Ça n’a pas pu vous échapper. Ces derniers mois, l’une de nos poupées préférées est sortie de son placard et a fait son apparition sur grand écran. L’iconique Barbie a troqué la poussière contre l’engagement, et pour ça, on dit merci Mattel.
Alors, stratégie gagnante ou problématique pour redorer le blason de la bimbo aux pieds courbés ?
Le monde de Barbie, royaume du marketing
Barbie chez Burger King, Barbie Dream House sur Airbnb, Barbie collection pour Zara, Crocs ou encore Primark… Barbie partout. Barbie tout le temps.

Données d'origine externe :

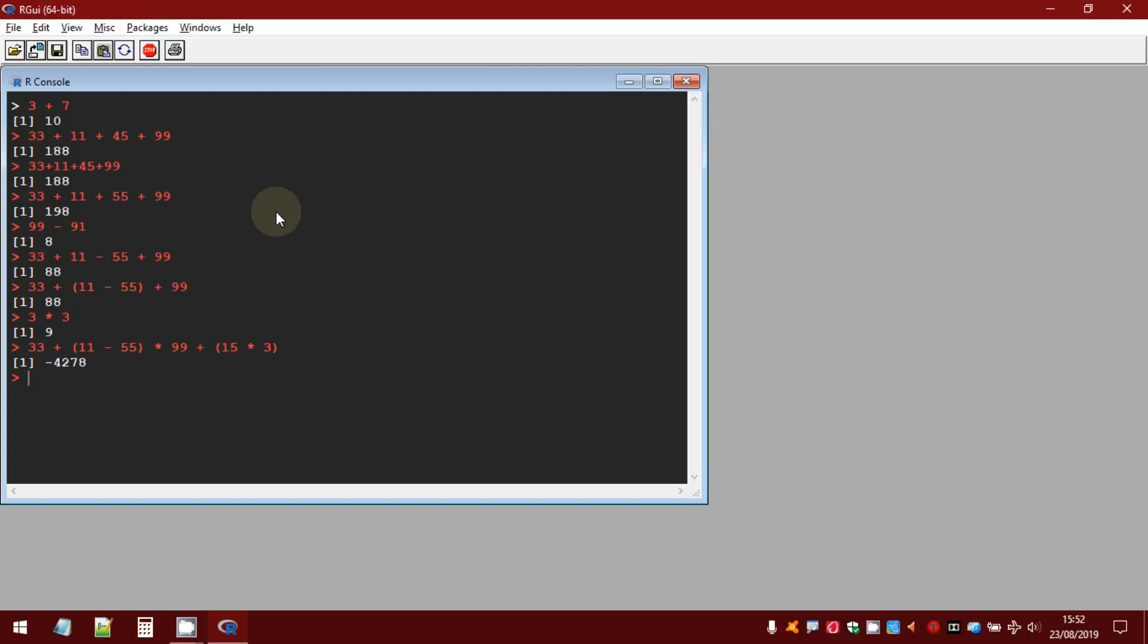And if you want to perform the division, the symbol is the slash.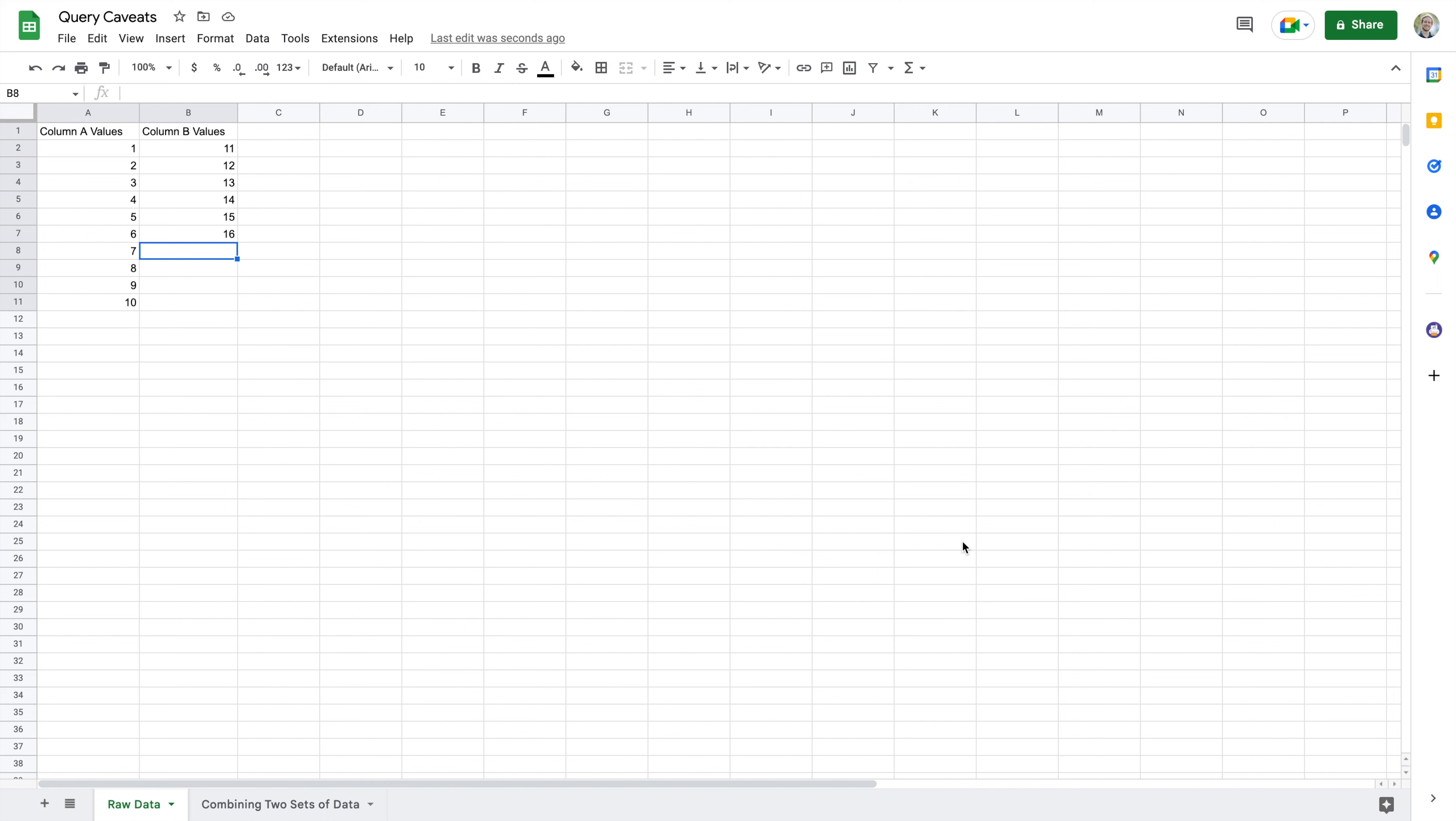Welcome back to another video where I'm talking about queries in Google Sheets. Specifically, in this video I want to talk about a couple of caveats that I hadn't discussed in my last videos, things I want you to be aware of regarding queries. In this particular video, we're going to do something very simple that we've done in a previous video.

La poupée ne nous quitte plus, et aussi souriante soit-elle, elle commence à nous sortir par les yeux. (Même si on ne dirait pas non pour passer une nuit dans son Airbnb.)
En réalité, tout ça n’est que la partie immergée de l’iceberg. On se permet donc de passer ce qui relève désormais de formalités à son sujet : oui, le budget marketing à 150 millions de dollars a bel et bien payé.
Et pour ceux au fond de la salle, ces chiffres ne sortent pas de nulle part. C’est Mattel, la maison mère de Barbie qui a commandé le film auprès de la réalisatrice Greta Gerwig. Vous savez, ce gros logo rouge qui introduit le film comme s’il en était le personnage principal ?
En clair, c’est un film de marque. Et c’est justement là que ça devient intéressant. Exit les placements de produits qui n’avaient, bien souvent, rien à faire au milieu de nos scènes préférées. Avec Barbie, la publicité entre dans une nouvelle ère et le brand content passe au niveau supérieur.
Parce que la relation entre les marques et le public a changé, leur stratégie instaure désormais une certaine proximité. Elles nous engagent alors émotionnellement, dans des spots publicitaires de 30 secondes, puis dans des films de 2 heures.
Si jusqu’ici, on pouvait rester frileux à l’idée de voir nos marques préférées s’incarner sur grand écran, Barbie a su déployer un véritable univers. Et on a envie de dire heureusement, vu son âge. En 64 ans, elle a déjà eu le temps de marquer les esprits… La nostalgie a fait son effet, ni plus ni moins. Pour autant, elle n’a pas pris une seule ride (quoi qu’un peu de cellulite, pour ceux qui savent.)
Si ça fonctionne si bien, c’est parce que Barbie nous a pleinement immergés dans son monde. Ou elle s’est immiscée dans le nôtre… Au point que Margot Robbie devienne Barbie elle-même sur tous les tapis rouges. Et nous, on est plus d’un à avoir rêvé d’un aller sans retour pour Barbieland. Et ce, quoi qu’il en coûte… la trend Tiktok #BarbieFoot en est la preuve.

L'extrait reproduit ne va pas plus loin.